> _WHAT YOU HAVE TO DO_
With both ends included, repeat exactly the lines of the entries below from the one containing "Foto Sala / Conjunto Comercial" down to the one containing "Kayıt dışı ekonomiyle", and no others.

Segment Start: DATA RECORDS

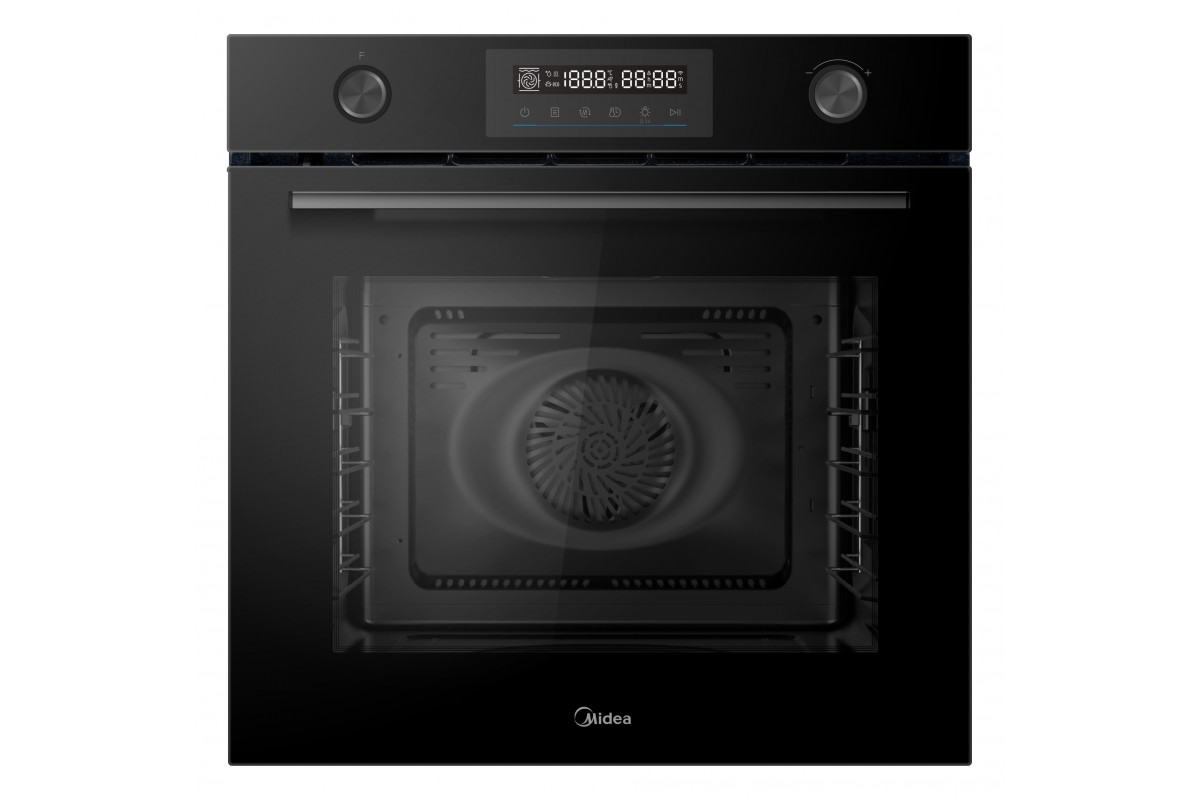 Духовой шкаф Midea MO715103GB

Segment End: DATA RECORDS
Segment Start: DATA RECORDS

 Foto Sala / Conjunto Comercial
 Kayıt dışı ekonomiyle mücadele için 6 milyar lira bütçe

Segment End: DATA RECORDS
Segment Start: DATA RECORDS

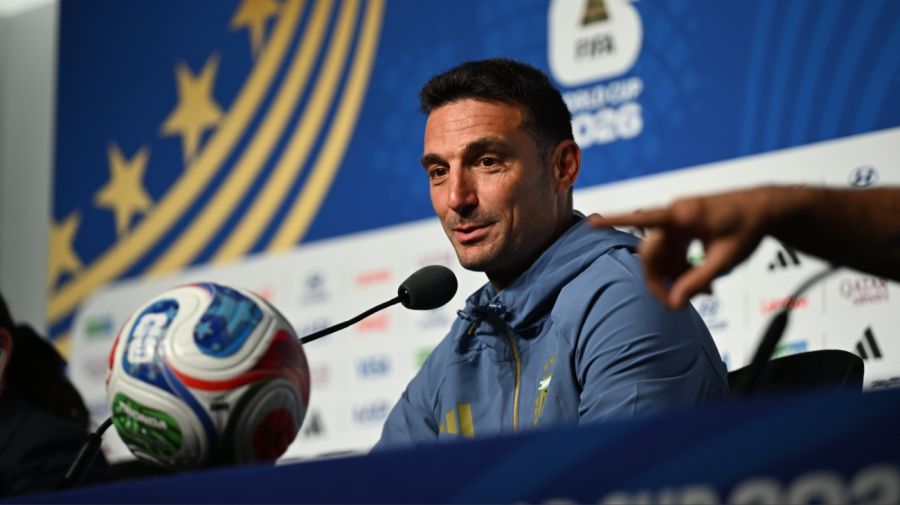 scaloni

Segment End: DATA RECORDS

> _YOUR RESPONSE_
 Foto Sala / Conjunto Comercial
 Kayıt dışı ekonomiyle mücadele için 6 milyar lira bütçe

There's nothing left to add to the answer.